Advanced industries jobs continue to grow in Dayton


Dayton jobs at a glance

+0.4: Annual average percent change in advanced industries jobs, 2010-13

+1.4: Annual average percent change in advanced industries jobs, 2013-15

10.2: Advanced industries’ share of all jobs, 2015

39,827: Advanced industries jobs, 2015

SOURCE: Brookings Institution

Jobs grounded in science and technology continue to grow in the Dayton area, with auto part manufacturing leading the way with a nearly 10 percent increase in employment the past two years, a new study shows.

The Dayton area’s growth in high-paying advanced industries jobs also includes employment increases in the field of computer systems design and related jobs from 2013 to 2015, a Brookings Institute study show.

The Dayton area had 7,187 computer system related jobs in 2015, a 4.7 percent increase from 2013.

“There’s a strong concentration of these industries in the Dayton area,” said David Hart, a senior fellow for Brookings.

Of the 100 largest U.S. metropolitan areas, the Dayton area ranks 24th in its share of advanced industries jobs compared to its total employment, the study shows.

Advanced industries jobs are science and technology-intensive and mostly involve advanced manufacturing, computer design, architectural work, engineering and more.

The burgeoning presence of Fuyao Glass America in Moraine has helped the growth. Brookings found that in 2015, the Dayton area had 3,715 motor vehicle parts manufacturing jobs, a 9.2. percent increase from two years before.

That number will almost certainly be higher in 2016. Fuyao Glass America may meet or exceed 2,000 jobs at its Moraine plant by the end of 2016, the company’s leaders have said.

The Dayton area had nearly 40,000 advanced industries jobs in 2015, ranking it 56th nationally.

These types of jobs “reflect Dayton’s history and its heritage — mechanical industries, the Wright Brothers and all that,”Hall said. “It’s not surprising.”

Researchers at the University of Dayton Research Institute see it every day. Adam Hicks, an additive manufacturing research scientist at UDRI, cites the area’s strong relationship with Wright-Patterson Air Force Base and the Air Force Research Laboratory headquartered there.

“It doesn’t surprise me,” Hicks said.

Brian Rice, a materials scientist at UDRI, said the area’s strength goes beyond the Air Force to the concentration of businesses serving auto makers, auto suppliers and other manufacturers.

“There are a lot of small businesses that do a lot of small business innovation,” Rice said.
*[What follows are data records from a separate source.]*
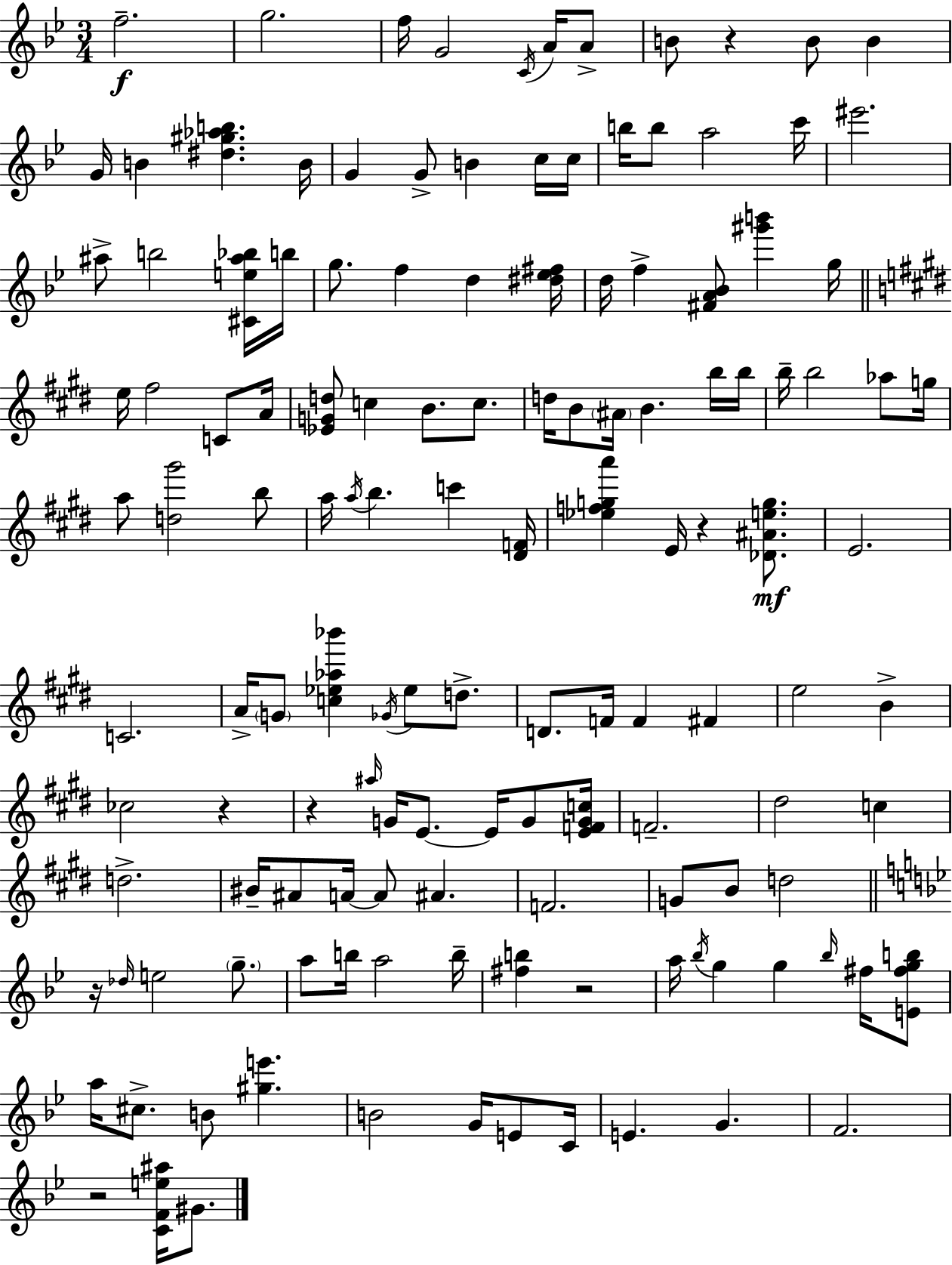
{
  \clef treble
  \numericTimeSignature
  \time 3/4
  \key g \minor
  f''2.--\f | g''2. | f''16 g'2 \acciaccatura { c'16 } a'16 a'8-> | b'8 r4 b'8 b'4 | \break g'16 b'4 <dis'' gis'' aes'' b''>4. | b'16 g'4 g'8-> b'4 c''16 | c''16 b''16 b''8 a''2 | c'''16 eis'''2. | \break ais''8-> b''2 <cis' e'' ais'' bes''>16 | b''16 g''8. f''4 d''4 | <dis'' ees'' fis''>16 d''16 f''4-> <fis' a' bes'>8 <gis''' b'''>4 | g''16 \bar "||" \break \key e \major e''16 fis''2 c'8 a'16 | <ees' g' d''>8 c''4 b'8. c''8. | d''16 b'8 \parenthesize ais'16 b'4. b''16 b''16 | b''16-- b''2 aes''8 g''16 | \break a''8 <d'' gis'''>2 b''8 | a''16 \acciaccatura { a''16 } b''4. c'''4 | <dis' f'>16 <ees'' f'' g'' a'''>4 e'16 r4 <des' ais' e'' g''>8.\mf | e'2. | \break c'2. | a'16-> \parenthesize g'8 <c'' ees'' aes'' bes'''>4 \acciaccatura { ges'16 } ees''8 d''8.-> | d'8. f'16 f'4 fis'4 | e''2 b'4-> | \break ces''2 r4 | r4 \grace { ais''16 } g'16 e'8.~~ e'16 | g'8 <e' f' g' c''>16 f'2.-- | dis''2 c''4 | \break d''2.-> | bis'16-- ais'8 a'16~~ a'8 ais'4. | f'2. | g'8 b'8 d''2 | \break \bar "||" \break \key g \minor r16 \grace { des''16 } e''2 \parenthesize g''8.-- | a''8 b''16 a''2 | b''16-- <fis'' b''>4 r2 | a''16 \acciaccatura { bes''16 } g''4 g''4 \grace { bes''16 } | \break fis''16 <e' fis'' g'' b''>8 a''16 cis''8.-> b'8 <gis'' e'''>4. | b'2 g'16 | e'8 c'16 e'4. g'4. | f'2. | \break r2 <c' f' e'' ais''>16 | gis'8. \bar "|."
}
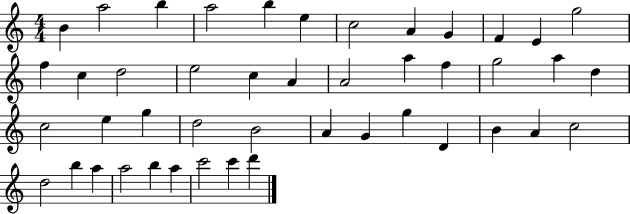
{
  \clef treble
  \numericTimeSignature
  \time 4/4
  \key c \major
  b'4 a''2 b''4 | a''2 b''4 e''4 | c''2 a'4 g'4 | f'4 e'4 g''2 | \break f''4 c''4 d''2 | e''2 c''4 a'4 | a'2 a''4 f''4 | g''2 a''4 d''4 | \break c''2 e''4 g''4 | d''2 b'2 | a'4 g'4 g''4 d'4 | b'4 a'4 c''2 | \break d''2 b''4 a''4 | a''2 b''4 a''4 | c'''2 c'''4 d'''4 | \bar "|."
}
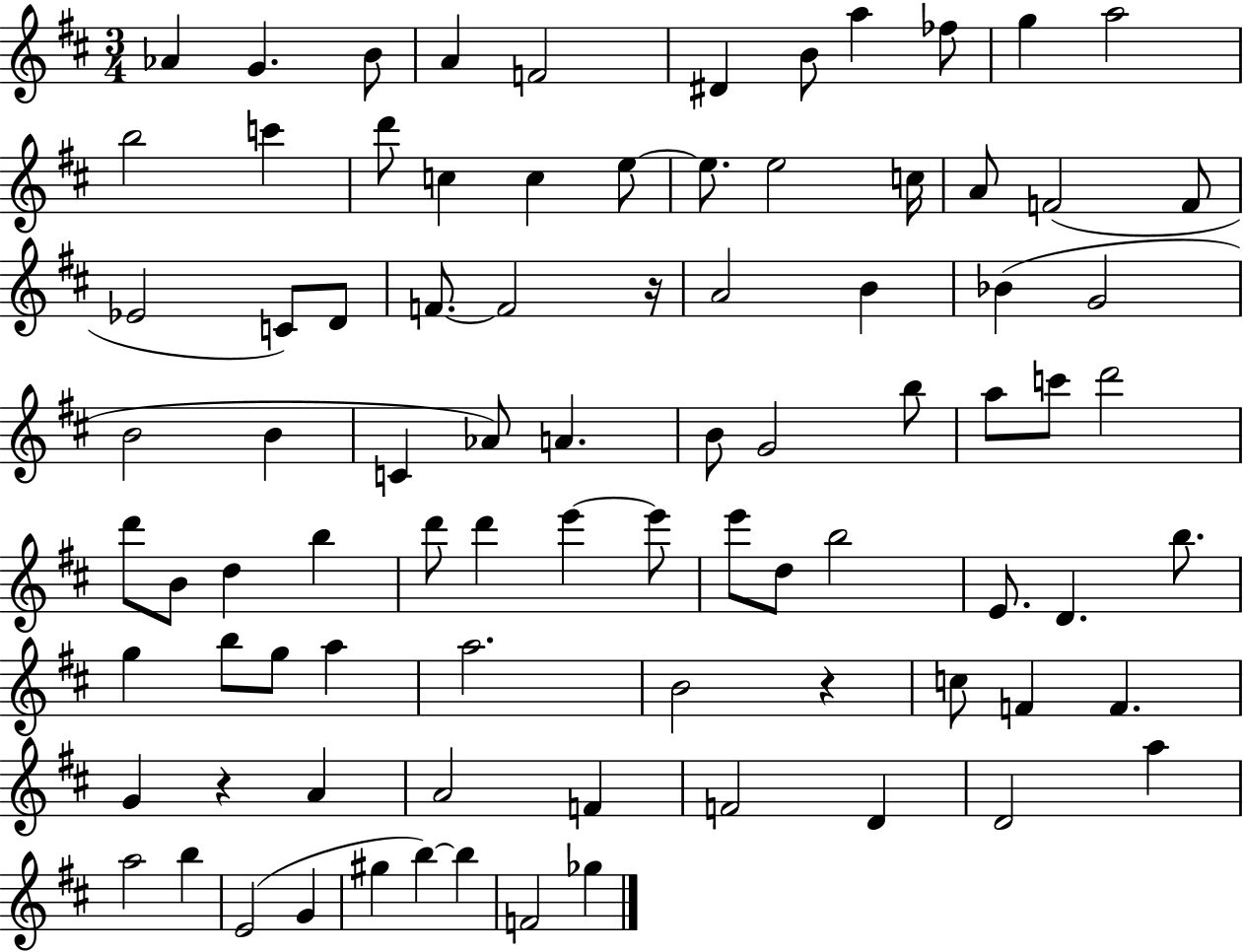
X:1
T:Untitled
M:3/4
L:1/4
K:D
_A G B/2 A F2 ^D B/2 a _f/2 g a2 b2 c' d'/2 c c e/2 e/2 e2 c/4 A/2 F2 F/2 _E2 C/2 D/2 F/2 F2 z/4 A2 B _B G2 B2 B C _A/2 A B/2 G2 b/2 a/2 c'/2 d'2 d'/2 B/2 d b d'/2 d' e' e'/2 e'/2 d/2 b2 E/2 D b/2 g b/2 g/2 a a2 B2 z c/2 F F G z A A2 F F2 D D2 a a2 b E2 G ^g b b F2 _g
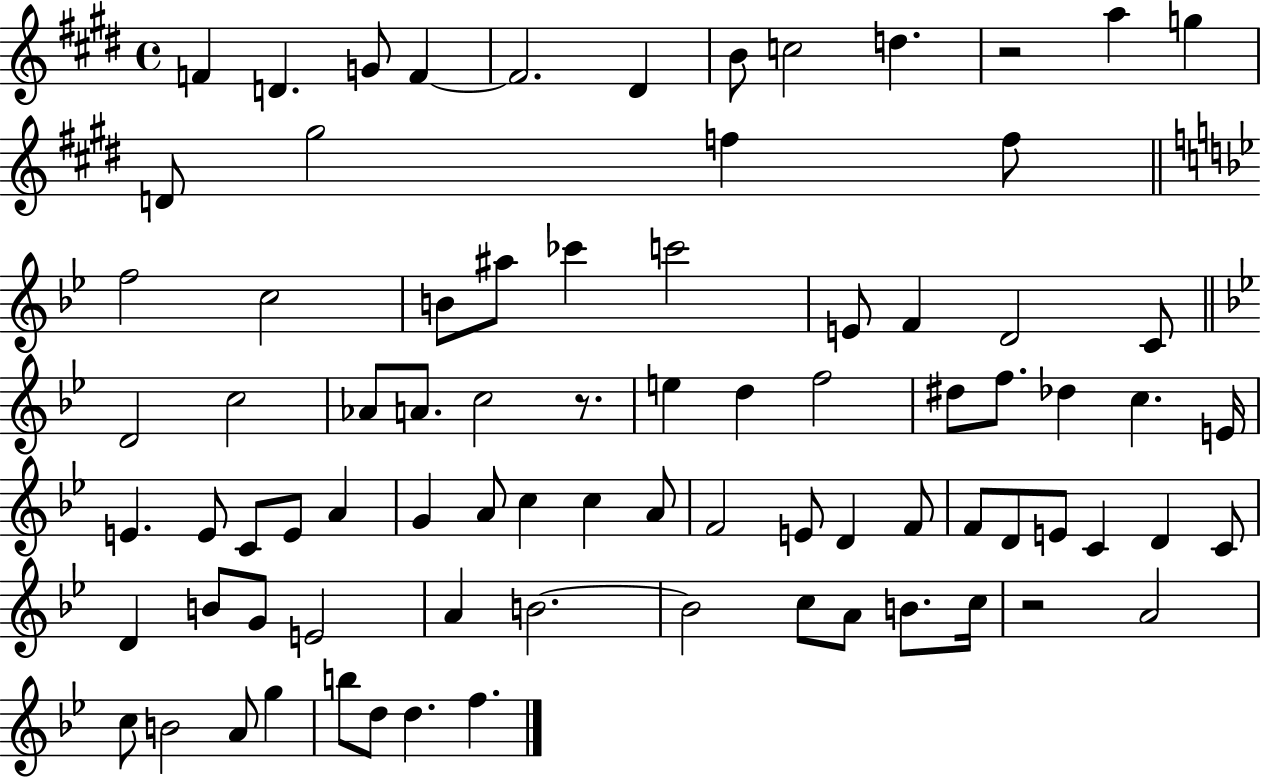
{
  \clef treble
  \time 4/4
  \defaultTimeSignature
  \key e \major
  f'4 d'4. g'8 f'4~~ | f'2. dis'4 | b'8 c''2 d''4. | r2 a''4 g''4 | \break d'8 gis''2 f''4 f''8 | \bar "||" \break \key bes \major f''2 c''2 | b'8 ais''8 ces'''4 c'''2 | e'8 f'4 d'2 c'8 | \bar "||" \break \key bes \major d'2 c''2 | aes'8 a'8. c''2 r8. | e''4 d''4 f''2 | dis''8 f''8. des''4 c''4. e'16 | \break e'4. e'8 c'8 e'8 a'4 | g'4 a'8 c''4 c''4 a'8 | f'2 e'8 d'4 f'8 | f'8 d'8 e'8 c'4 d'4 c'8 | \break d'4 b'8 g'8 e'2 | a'4 b'2.~~ | b'2 c''8 a'8 b'8. c''16 | r2 a'2 | \break c''8 b'2 a'8 g''4 | b''8 d''8 d''4. f''4. | \bar "|."
}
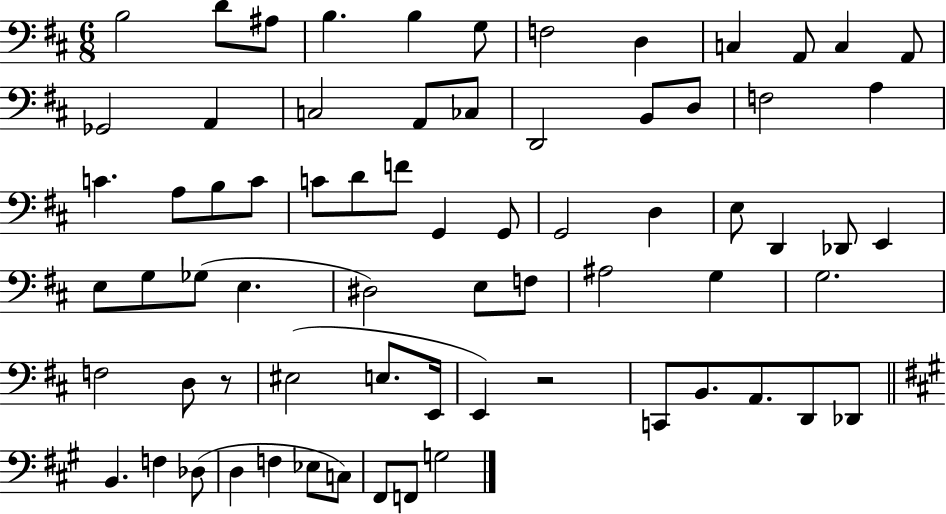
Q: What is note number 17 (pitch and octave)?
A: CES3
Beyond Dayton, the Brookings report found that advanced manufacturing is defying global sluggishness and the slow shrinking of traditional manufacturing over the last two years.

Advanced manufacturing continued to add jobs, even as other manufacturing sectors suffered, Brookings said.

Despite the stagnant period right after the Great Recession, advanced manufacturing industries nationally added more than 132,000 jobs in 2013–2015, which amounted to 20 percent of all advanced-sector employment growth, the study found.

About 70 percent of that growth was found in three auto-focused industries, Brookings said: motor vehicle parts, motor vehicles, and motor vehicle body and trailers.

“Look, if you survived the Great Recession, you’re an advanced manufacturer,” said Angelia Erbaugh, executive director of the Dayton Region Manufacturers Association. “You had to be. You had to be in order to survive.”

These are companies who have fine-tuned their capabilities, found new markets to serve and became more efficient, Erbaugh said.

While Erbaugh called Fuyao an “amazing story,” she noted that San Diego-based NuVasive is looking for 200 new workers for a spinal implants manufacturing plant in West Carrollton.

This year, DRMA hopes to have 45 manufacturers open their doors to 4,000 visiting students for Manufacturing Day, a career-awareness day held on the first Friday each October.

Marty Hohenberger, vice president of development for the Dayton Development Coalition, agreed that it’s easy to see advanced industry successes here just in the past few years, citing the GE Aviation Episcenter on the University of Dayton campus, the Emerson Climate Technologies Helix, NuVasive and others.

Making sure those outside of Dayton know about those successes is “just one of our jobs here, one of our important responsibilities,” he said.